┌──

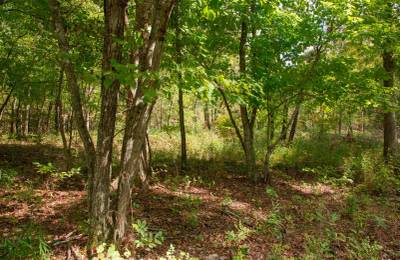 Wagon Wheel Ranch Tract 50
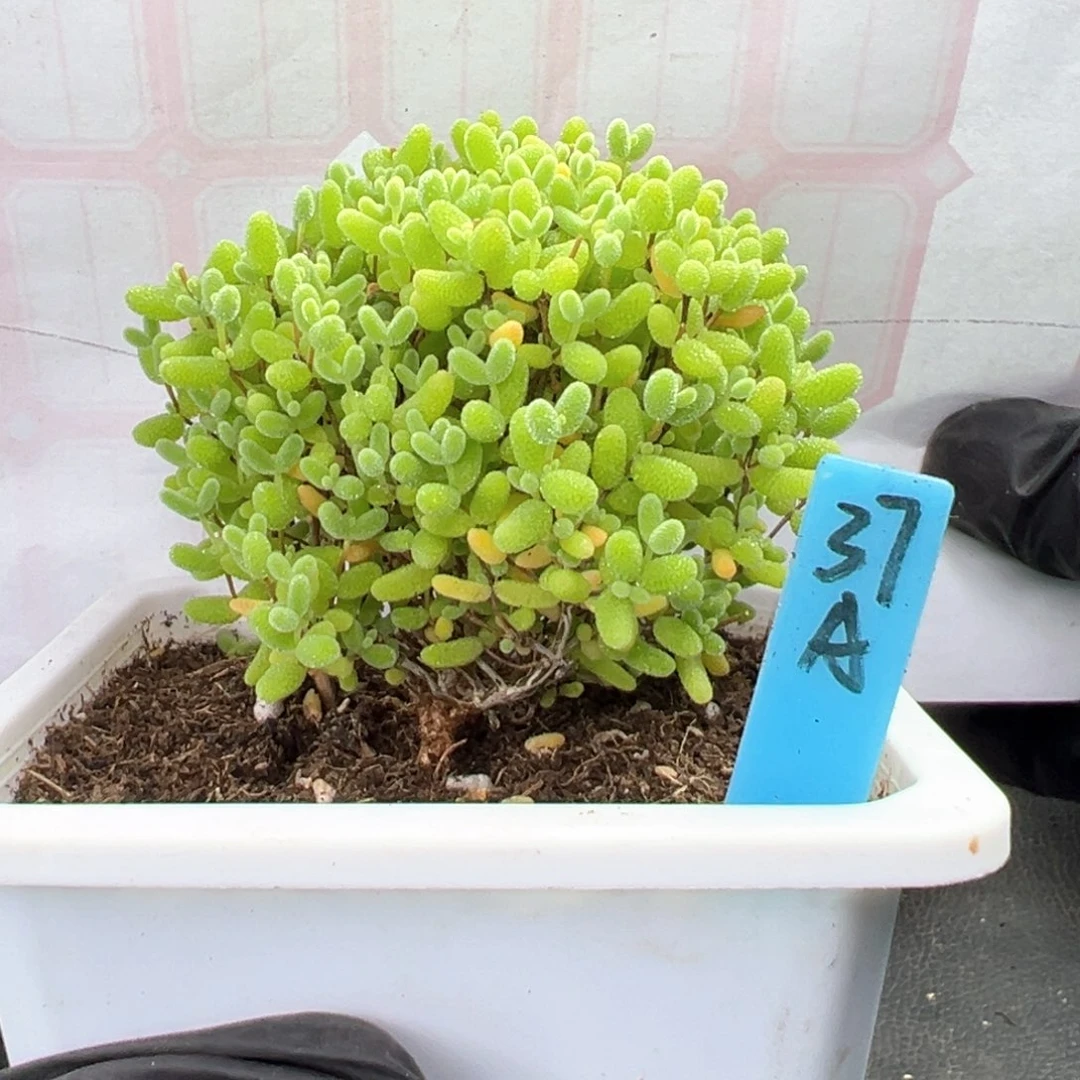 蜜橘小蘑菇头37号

└──
┌──

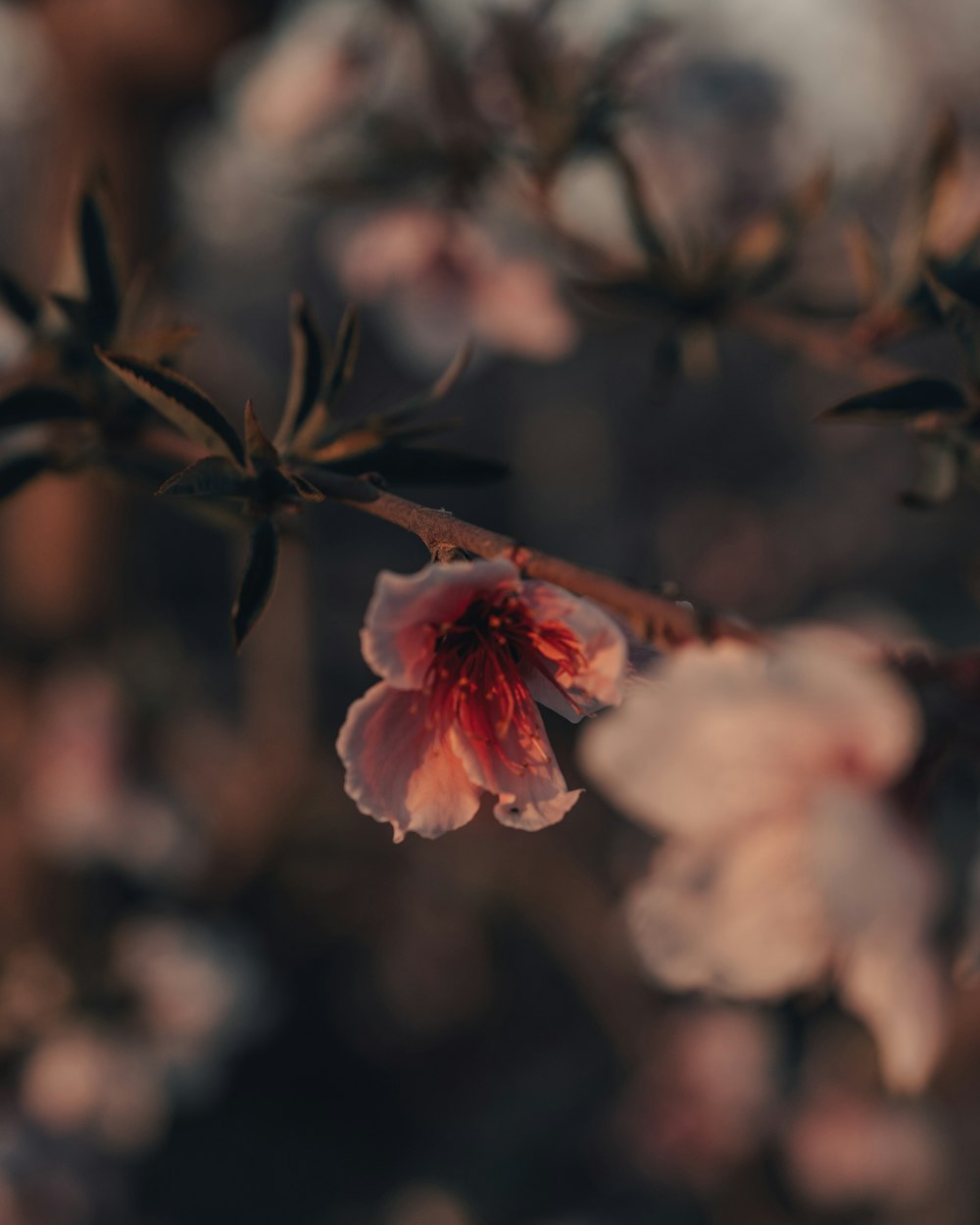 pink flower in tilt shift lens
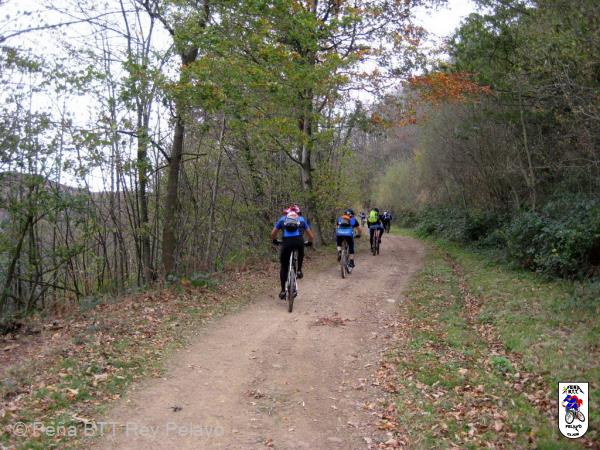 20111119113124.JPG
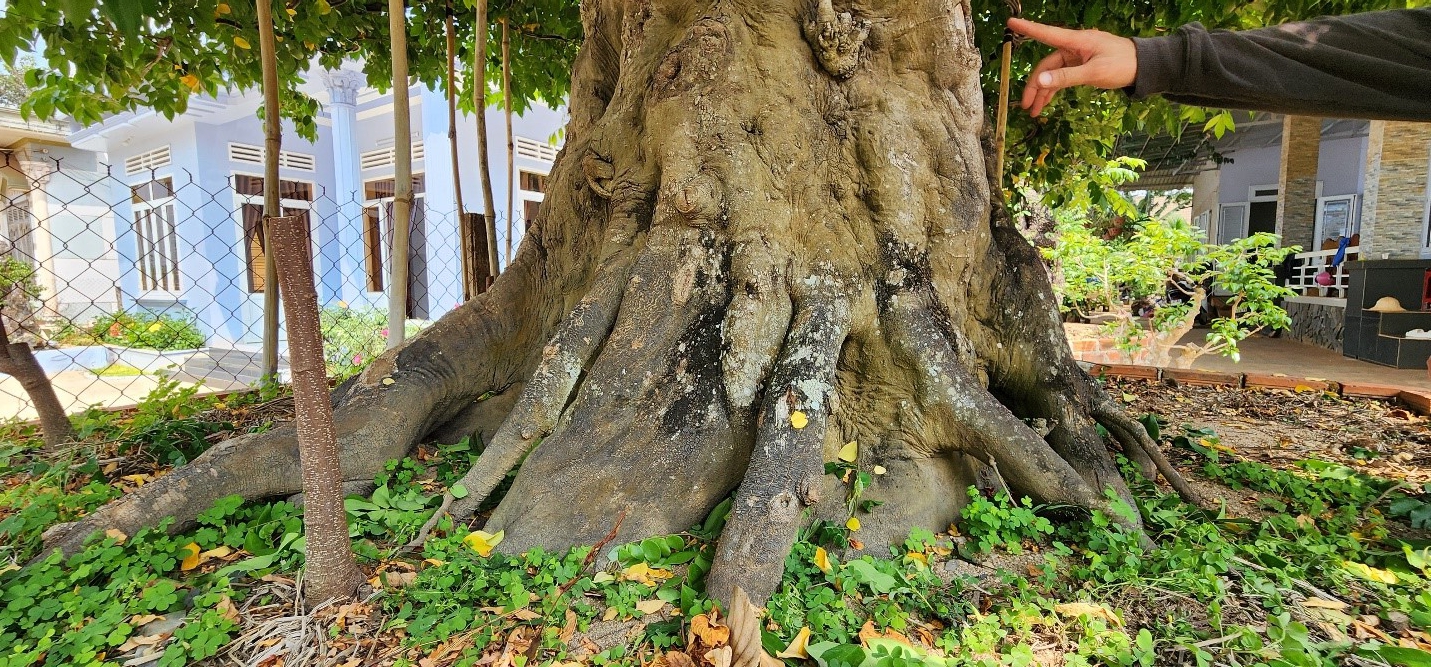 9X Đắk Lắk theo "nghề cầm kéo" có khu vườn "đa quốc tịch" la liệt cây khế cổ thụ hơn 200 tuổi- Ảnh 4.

└──

* Task statement:
Repeat exactly the lines above, from the line that contains "pink flower in tilt shift lens" down through the line that contains "9X Đắk Lắk theo". Include both of those lines and none of the pictures.

* Solution below:
 pink flower in tilt shift lens
 20111119113124.JPG
 9X Đắk Lắk theo "nghề cầm kéo" có khu vườn "đa quốc tịch" la liệt cây khế cổ thụ hơn 200 tuổi- Ảnh 4.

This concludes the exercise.